Ancora morti in Cina nelle manifestazioni pro-Tibet
Nuove proteste e scontri tra tibetani e forze di sicurezza cinesi sono scoppiati giovedì
nella provincia del Sichuan. Secondo alcune organizzazioni pro-Tibet, almeno 11 tibetani
sarebbero rimasti uccisi negli scontri vicino al monastero di Donggu. Il presidente
francese Sarkozy ha deciso, intanto, che non presenzierà alla cerimonia d'apertura
dei Giochi Olimpici Estivi di Pechino 2008 se la Cina non aprirà al dialogo con il
Dalai Lama. Il nostro sevizio:
Torna ad
essere alta la tensione in Tibet. Almeno 11 persone, tra monaci e civili, sono rimaste
uccise a seguito degli scontri con la polizia cinese nei disordini scoppiati giovedì
sera nei pressi di un monastero nella provincia del Sichuan. E' la stessa che, alla
fine del mese scorso, è stata teatro dei violenti scontri costati la vita ad una ventina
di persone. A riferirlo sono l'emittente Radio Free Asia e l’organizzazione “Campagna
internazionale per il Tibet”. La notizia era già trapelata ieri dall'agenzia ufficiale
Nuova Cina che aveva però parlato di un attacco alla sede del governo locale.
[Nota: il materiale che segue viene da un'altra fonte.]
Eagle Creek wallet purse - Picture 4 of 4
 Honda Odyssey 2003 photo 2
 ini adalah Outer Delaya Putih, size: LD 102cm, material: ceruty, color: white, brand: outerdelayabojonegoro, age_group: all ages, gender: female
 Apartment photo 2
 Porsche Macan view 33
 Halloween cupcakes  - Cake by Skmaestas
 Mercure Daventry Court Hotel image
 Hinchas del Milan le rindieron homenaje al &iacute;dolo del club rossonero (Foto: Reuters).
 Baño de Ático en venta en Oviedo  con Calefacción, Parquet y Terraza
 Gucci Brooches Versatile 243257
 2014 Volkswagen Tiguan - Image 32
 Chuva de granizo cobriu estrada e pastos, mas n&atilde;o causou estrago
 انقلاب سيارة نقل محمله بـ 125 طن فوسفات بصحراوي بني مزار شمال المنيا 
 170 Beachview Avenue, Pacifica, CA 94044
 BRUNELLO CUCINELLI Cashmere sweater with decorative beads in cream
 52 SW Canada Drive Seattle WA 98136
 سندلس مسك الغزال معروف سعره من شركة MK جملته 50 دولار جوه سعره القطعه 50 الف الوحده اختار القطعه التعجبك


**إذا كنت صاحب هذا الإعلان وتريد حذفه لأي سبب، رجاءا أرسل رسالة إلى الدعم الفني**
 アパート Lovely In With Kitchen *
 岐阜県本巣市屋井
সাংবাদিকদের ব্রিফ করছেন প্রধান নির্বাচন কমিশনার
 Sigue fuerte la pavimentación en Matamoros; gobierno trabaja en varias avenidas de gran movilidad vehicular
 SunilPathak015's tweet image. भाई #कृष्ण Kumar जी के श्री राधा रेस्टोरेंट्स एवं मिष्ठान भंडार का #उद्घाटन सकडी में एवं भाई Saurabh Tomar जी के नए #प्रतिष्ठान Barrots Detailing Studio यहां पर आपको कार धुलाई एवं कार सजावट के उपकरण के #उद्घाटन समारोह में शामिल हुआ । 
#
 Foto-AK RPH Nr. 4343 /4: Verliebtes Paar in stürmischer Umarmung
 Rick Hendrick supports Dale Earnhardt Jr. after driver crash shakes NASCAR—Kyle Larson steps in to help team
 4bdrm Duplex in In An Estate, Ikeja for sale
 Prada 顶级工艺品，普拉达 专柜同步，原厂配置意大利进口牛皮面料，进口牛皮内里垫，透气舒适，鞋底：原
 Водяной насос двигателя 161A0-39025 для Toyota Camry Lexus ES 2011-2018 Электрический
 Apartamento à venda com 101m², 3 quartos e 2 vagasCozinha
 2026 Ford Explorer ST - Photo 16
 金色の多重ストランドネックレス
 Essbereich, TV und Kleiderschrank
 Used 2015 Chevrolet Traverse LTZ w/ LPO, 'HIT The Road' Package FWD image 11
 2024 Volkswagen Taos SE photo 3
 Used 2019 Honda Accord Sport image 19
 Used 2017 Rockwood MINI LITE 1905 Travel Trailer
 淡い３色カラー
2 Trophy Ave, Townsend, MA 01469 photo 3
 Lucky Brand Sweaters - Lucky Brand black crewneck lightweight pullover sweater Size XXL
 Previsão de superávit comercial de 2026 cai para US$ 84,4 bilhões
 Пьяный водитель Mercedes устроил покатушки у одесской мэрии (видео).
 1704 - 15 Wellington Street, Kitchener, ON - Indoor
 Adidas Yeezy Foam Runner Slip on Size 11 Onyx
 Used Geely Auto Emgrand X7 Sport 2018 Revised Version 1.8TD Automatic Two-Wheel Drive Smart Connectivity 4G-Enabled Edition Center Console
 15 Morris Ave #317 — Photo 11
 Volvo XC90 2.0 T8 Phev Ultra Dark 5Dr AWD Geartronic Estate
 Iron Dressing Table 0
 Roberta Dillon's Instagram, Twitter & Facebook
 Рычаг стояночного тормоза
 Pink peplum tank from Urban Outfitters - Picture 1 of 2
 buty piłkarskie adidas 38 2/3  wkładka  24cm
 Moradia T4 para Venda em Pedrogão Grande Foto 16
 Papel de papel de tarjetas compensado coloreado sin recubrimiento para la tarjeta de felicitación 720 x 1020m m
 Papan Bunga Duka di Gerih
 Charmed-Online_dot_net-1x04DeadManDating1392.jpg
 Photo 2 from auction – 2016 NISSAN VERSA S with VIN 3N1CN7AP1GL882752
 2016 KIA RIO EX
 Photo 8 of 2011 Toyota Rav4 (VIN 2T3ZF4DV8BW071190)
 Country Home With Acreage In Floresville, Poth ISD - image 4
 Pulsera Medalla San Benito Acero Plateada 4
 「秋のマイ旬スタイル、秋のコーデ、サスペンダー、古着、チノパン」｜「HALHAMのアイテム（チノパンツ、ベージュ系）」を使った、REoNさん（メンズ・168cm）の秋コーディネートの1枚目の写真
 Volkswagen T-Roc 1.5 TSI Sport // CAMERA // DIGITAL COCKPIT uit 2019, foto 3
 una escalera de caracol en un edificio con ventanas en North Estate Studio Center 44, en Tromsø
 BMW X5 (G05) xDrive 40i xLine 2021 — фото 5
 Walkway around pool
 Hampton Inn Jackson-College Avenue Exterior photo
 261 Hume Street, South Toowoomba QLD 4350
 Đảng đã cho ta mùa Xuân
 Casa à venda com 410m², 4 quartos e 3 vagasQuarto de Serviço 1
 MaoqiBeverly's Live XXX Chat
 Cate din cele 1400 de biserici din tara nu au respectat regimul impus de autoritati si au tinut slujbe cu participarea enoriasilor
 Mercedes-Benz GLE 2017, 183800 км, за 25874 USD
Un attacco
che aveva costretto le forza di sicurezza a reagire. Testimonianze di segno opposto
arrivano naturalmente dalle fonti locali vicino al governo tibetano in esilio e dalle
organizzazioni pro-Tibet; secondo tali fonti, la polizia ha aperto il fuoco su una
folla di diverse centinaia di persone che protestavano dopo l’arresto di alcuni monaci
del vicino monastero Donggu, per essersi opposti alla campagna di ''educazione patriottica''
condotta dalle autorità cinesi. E nella ridda di smentite e contro smentite, si segnalano
intanto le dure dichiarazioni del presidente francese Sarkozy che, a meno di due giorni
dal passaggio della fiaccola olimpica per le strade di Parigi, ha annunciato che
non presenzierà alla cerimonia d'apertura delle olimpiadi di Pechino 2008 se la Cina
non aprirà al dialogo con il Dalai Lama per risolvere pacificamente la crisi.